[Extracted records]
========================================================================
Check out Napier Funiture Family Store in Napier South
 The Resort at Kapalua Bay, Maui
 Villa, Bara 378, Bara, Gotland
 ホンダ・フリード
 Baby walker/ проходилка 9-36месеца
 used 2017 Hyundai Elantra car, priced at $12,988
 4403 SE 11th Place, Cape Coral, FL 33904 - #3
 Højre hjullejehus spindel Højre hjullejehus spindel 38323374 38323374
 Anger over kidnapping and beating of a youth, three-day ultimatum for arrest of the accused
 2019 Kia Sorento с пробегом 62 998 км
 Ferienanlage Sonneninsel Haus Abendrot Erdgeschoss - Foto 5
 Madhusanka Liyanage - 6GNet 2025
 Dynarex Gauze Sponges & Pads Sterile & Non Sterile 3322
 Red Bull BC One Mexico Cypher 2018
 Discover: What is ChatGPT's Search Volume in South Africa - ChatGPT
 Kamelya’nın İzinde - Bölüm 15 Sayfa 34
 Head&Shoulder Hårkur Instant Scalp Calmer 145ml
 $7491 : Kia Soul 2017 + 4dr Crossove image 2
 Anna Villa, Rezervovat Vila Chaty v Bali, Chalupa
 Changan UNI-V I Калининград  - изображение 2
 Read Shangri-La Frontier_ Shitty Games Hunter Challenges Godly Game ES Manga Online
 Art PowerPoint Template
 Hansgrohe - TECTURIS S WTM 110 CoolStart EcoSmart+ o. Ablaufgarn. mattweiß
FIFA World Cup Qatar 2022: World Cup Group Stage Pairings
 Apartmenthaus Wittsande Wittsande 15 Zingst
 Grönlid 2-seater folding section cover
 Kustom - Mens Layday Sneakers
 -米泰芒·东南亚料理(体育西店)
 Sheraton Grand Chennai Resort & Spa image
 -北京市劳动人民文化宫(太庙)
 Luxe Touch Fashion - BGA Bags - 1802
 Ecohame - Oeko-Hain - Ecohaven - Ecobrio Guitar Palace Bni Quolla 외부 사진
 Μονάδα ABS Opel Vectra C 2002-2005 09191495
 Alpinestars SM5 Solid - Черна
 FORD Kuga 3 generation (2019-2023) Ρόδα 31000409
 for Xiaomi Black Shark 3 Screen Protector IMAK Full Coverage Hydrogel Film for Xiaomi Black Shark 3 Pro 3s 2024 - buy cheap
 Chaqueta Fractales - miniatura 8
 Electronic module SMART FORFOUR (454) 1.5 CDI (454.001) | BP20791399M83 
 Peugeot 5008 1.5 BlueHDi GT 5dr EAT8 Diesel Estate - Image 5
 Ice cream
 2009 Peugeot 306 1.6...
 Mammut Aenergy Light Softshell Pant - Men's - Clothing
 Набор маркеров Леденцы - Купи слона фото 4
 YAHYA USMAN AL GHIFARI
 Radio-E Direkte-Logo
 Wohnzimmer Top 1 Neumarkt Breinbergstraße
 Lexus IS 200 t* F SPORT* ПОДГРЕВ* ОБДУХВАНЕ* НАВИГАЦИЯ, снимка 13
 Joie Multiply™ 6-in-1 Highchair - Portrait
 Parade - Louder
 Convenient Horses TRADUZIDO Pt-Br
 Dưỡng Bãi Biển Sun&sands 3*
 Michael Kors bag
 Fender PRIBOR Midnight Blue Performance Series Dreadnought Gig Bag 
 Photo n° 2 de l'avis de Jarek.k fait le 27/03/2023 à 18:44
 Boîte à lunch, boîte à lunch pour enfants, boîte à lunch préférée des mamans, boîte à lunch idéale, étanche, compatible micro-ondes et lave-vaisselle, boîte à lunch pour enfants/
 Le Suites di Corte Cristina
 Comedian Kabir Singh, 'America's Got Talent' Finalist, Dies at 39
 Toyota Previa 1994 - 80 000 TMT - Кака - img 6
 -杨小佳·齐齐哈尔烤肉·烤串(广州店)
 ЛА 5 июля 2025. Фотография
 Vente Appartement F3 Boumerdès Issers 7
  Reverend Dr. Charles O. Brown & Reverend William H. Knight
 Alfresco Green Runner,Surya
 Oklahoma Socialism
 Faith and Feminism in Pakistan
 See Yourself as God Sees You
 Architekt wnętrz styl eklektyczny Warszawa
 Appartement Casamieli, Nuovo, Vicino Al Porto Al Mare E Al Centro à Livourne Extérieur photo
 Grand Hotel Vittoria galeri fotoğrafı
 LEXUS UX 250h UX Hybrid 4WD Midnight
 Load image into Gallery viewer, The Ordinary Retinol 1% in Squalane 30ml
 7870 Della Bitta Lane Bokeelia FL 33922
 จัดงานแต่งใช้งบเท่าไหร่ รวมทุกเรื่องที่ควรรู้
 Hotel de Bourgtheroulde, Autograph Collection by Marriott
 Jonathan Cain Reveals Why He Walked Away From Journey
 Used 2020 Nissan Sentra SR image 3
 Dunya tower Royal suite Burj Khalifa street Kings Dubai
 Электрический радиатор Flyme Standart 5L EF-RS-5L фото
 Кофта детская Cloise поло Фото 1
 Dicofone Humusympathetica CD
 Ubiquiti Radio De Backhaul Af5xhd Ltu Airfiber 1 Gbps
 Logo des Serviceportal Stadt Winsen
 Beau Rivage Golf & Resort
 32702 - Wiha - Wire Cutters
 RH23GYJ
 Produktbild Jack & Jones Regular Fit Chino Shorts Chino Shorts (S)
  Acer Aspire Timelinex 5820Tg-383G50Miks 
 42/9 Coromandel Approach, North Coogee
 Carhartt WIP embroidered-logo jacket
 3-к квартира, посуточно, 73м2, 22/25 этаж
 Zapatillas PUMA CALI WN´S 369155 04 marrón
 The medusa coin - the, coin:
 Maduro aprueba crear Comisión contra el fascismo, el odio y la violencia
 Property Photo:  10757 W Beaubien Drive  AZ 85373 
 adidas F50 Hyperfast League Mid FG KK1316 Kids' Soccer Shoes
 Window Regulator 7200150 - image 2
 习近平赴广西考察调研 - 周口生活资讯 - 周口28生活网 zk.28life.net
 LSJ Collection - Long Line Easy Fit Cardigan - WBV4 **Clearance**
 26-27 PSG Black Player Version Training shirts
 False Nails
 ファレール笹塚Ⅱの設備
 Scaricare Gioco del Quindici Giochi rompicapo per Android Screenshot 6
========================================================================
Problem description: Please copy only the lines between the first line of the entries and the line with "Anna Villa, Rezervovat", keeping those two end lines as well, exactly as written.

Output of the task:
Check out Napier Funiture Family Store in Napier South
 The Resort at Kapalua Bay, Maui
 Villa, Bara 378, Bara, Gotland
 ホンダ・フリード
 Baby walker/ проходилка 9-36месеца
 used 2017 Hyundai Elantra car, priced at $12,988
 4403 SE 11th Place, Cape Coral, FL 33904 - #3
 Højre hjullejehus spindel Højre hjullejehus spindel 38323374 38323374
 Anger over kidnapping and beating of a youth, three-day ultimatum for arrest of the accused
 2019 Kia Sorento с пробегом 62 998 км
 Ferienanlage Sonneninsel Haus Abendrot Erdgeschoss - Foto 5
 Madhusanka Liyanage - 6GNet 2025
 Dynarex Gauze Sponges & Pads Sterile & Non Sterile 3322
 Red Bull BC One Mexico Cypher 2018
 Discover: What is ChatGPT's Search Volume in South Africa - ChatGPT
 Kamelya’nın İzinde - Bölüm 15 Sayfa 34
 Head&Shoulder Hårkur Instant Scalp Calmer 145ml
 $7491 : Kia Soul 2017 + 4dr Crossove image 2
 Anna Villa, Rezervovat Vila Chaty v Bali, Chalupa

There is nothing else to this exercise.